» Requirement
Copy all the data exactly, except the pictures.

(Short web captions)

------

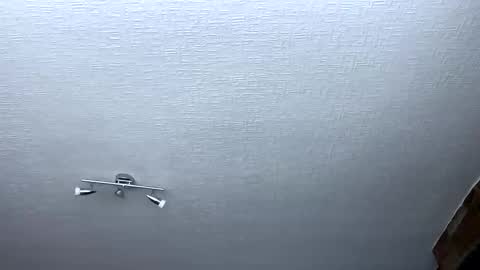 Snapshot of samegee chatting on October 2025 07:28:01 AM samegee online show from October 2025 07:28:01 AM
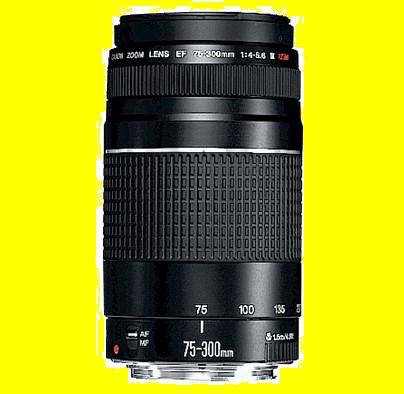 Canon EF 75-300mm f/4.0-5.6 III lens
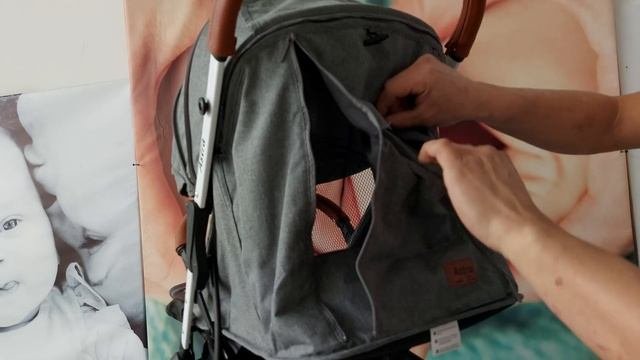 Прогулочная коляска Carrello Astra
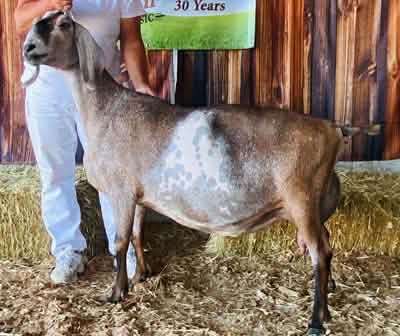 GCH Blossom-Thyme CM Zhow Ztopper 2*M 91VEEE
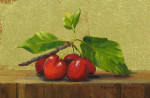 Cherries on Ledge II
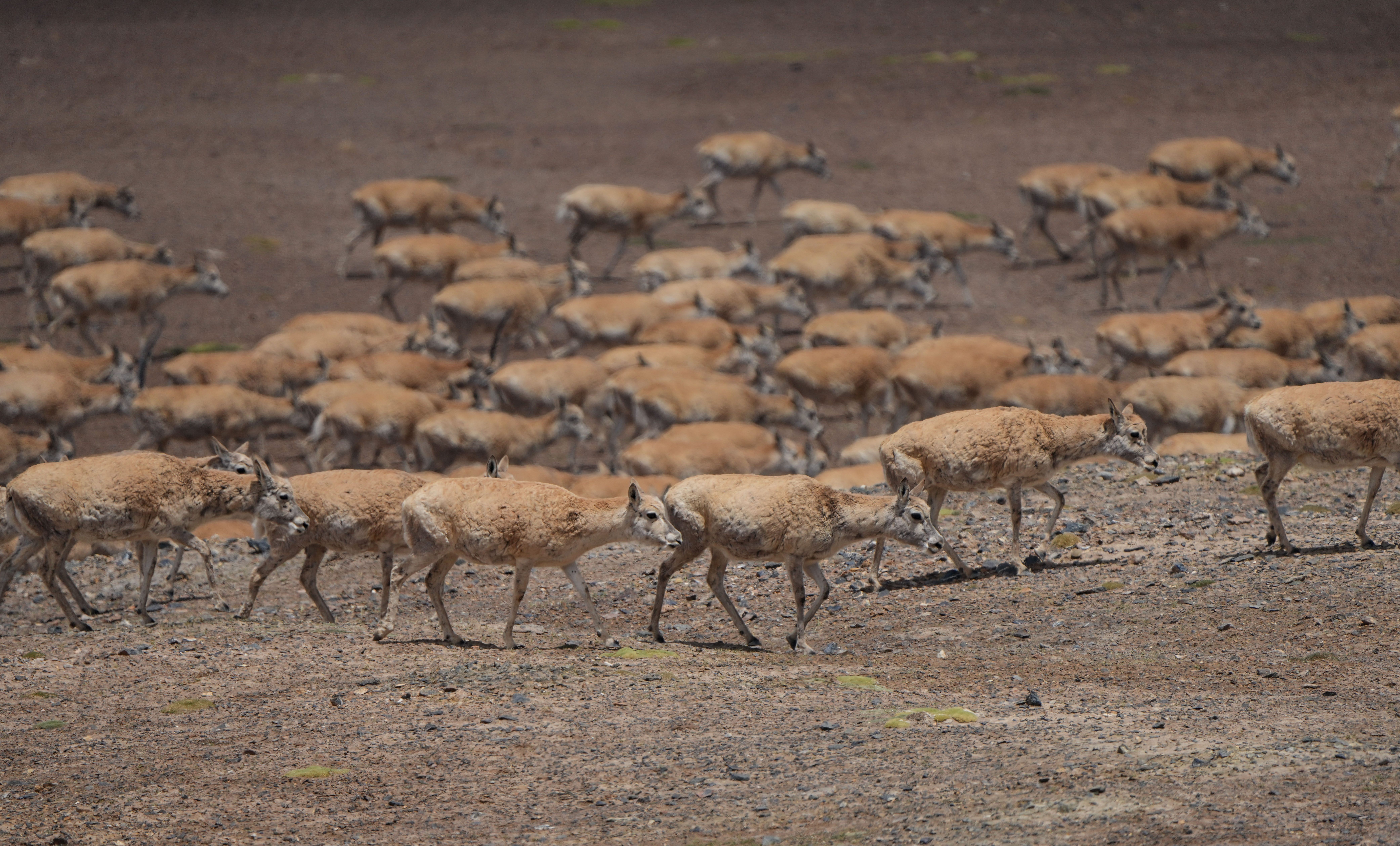 新华全媒 ·神奇动物在西藏|藏羚羊的迁徙之美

------

» Answer to the exercise
 Snapshot of samegee chatting on October 2025 07:28:01 AM samegee online show from October 2025 07:28:01 AM
 Canon EF 75-300mm f/4.0-5.6 III lens
 Прогулочная коляска Carrello Astra
 GCH Blossom-Thyme CM Zhow Ztopper 2*M 91VEEE
 Cherries on Ledge II
 新华全媒 ·神奇动物在西藏|藏羚羊的迁徙之美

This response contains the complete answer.